Re: Handling extremely large input files
On Wed, 28 Apr 2010, Hakan wrote:
We need to scan a very big input file
Exactly how big?
to see how many times each date occurs in it. This means that we want to
check the number of times successive strings of the form "20020701",
"20020702" and so on are in it from a given start to end date. The
syntax is European format.
What do you mean by 'successive'? Could you give us a sample of the input
file?
What is the most efficent way to do it? I have tried with 1) a system call to
grep
Could you tell us the exact grep command you run?

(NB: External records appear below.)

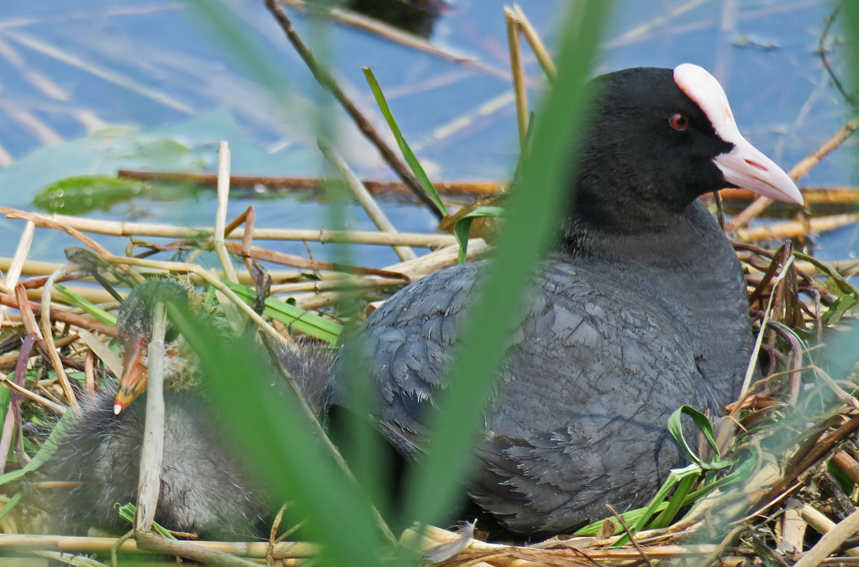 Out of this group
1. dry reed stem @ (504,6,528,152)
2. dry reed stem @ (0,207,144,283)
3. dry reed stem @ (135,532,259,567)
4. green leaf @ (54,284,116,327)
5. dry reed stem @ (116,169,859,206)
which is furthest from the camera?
dry reed stem @ (116,169,859,206)

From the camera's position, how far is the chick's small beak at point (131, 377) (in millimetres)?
1879

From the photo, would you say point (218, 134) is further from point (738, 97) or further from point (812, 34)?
point (812, 34)

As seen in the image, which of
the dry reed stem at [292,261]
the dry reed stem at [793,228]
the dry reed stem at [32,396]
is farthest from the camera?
the dry reed stem at [793,228]

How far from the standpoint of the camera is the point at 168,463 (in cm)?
179

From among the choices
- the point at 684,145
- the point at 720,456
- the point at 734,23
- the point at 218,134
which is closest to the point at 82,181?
the point at 218,134

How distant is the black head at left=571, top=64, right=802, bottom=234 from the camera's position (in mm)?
2045

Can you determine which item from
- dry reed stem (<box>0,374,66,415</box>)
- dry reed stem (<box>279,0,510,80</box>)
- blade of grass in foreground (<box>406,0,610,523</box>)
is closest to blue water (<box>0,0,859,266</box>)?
dry reed stem (<box>279,0,510,80</box>)

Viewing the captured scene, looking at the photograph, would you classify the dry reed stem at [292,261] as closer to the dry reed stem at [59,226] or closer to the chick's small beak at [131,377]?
the dry reed stem at [59,226]

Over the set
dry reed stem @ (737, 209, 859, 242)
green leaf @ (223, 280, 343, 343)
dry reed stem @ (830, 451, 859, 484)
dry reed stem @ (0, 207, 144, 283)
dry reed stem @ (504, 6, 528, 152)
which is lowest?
dry reed stem @ (830, 451, 859, 484)

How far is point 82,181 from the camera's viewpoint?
3.51 meters

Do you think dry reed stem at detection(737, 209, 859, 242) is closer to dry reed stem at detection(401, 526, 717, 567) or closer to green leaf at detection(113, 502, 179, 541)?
dry reed stem at detection(401, 526, 717, 567)

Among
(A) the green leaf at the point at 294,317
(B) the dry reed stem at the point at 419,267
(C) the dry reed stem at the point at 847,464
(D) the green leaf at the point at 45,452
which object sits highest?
(B) the dry reed stem at the point at 419,267

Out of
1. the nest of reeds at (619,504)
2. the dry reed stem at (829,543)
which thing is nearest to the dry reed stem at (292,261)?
the nest of reeds at (619,504)

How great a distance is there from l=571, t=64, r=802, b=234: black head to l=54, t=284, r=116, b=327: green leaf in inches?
51.8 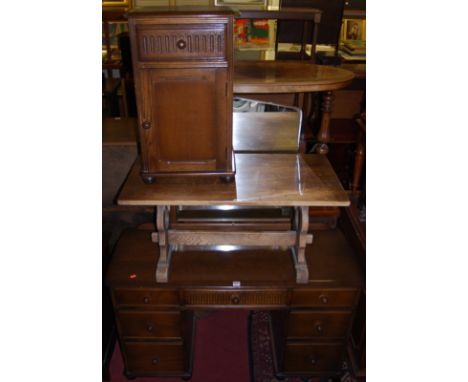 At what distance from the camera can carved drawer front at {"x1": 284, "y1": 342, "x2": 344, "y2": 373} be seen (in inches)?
80.4

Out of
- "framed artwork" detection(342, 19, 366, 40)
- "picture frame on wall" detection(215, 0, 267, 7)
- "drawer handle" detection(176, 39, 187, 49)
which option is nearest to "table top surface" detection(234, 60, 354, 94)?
"drawer handle" detection(176, 39, 187, 49)

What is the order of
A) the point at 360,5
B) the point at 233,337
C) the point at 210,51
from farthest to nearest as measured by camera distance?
the point at 360,5
the point at 233,337
the point at 210,51

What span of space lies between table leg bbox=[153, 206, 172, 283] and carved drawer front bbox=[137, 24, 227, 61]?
68 cm

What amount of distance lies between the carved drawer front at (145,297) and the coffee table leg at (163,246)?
0.07 m

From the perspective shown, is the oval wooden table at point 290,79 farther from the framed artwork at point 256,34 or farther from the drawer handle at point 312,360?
the framed artwork at point 256,34

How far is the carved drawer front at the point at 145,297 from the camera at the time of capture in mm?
1871

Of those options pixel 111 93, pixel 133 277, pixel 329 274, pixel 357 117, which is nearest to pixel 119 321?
pixel 133 277

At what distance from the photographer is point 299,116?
196cm

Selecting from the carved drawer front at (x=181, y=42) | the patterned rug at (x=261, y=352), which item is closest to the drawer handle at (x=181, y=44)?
the carved drawer front at (x=181, y=42)

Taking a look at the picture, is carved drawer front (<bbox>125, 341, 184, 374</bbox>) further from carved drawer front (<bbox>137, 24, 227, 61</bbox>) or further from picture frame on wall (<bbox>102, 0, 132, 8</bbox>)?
picture frame on wall (<bbox>102, 0, 132, 8</bbox>)

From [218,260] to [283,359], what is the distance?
0.63m

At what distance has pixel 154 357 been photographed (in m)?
2.08

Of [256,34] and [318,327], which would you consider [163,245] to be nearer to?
[318,327]

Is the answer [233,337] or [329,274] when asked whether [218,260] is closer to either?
[329,274]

and 2) a RandomAccessfile reading each character and moving the file
pointer ahead,
I'm not sure how much buffering that does. You might be better off with a
FileInputStream wrapped in a BufferedInputStream of generous size (or in
fact, wrapped in an InputStreamReader and some buffering somewhere), or
with a memory-mapped file obtained from a NIO FileChannel. Or you might
not.
but none of them runs quickly enough. Another option might be to use a
pattern matching, but then we would still probably have the problems of
searching through most of the file.
As i understand your requirement, you'll have to scan the *entire* file.
What do you mean by "the problems of searching through most of the file"?
tom
--
Basically, at any given time, most people in the world are wasting time.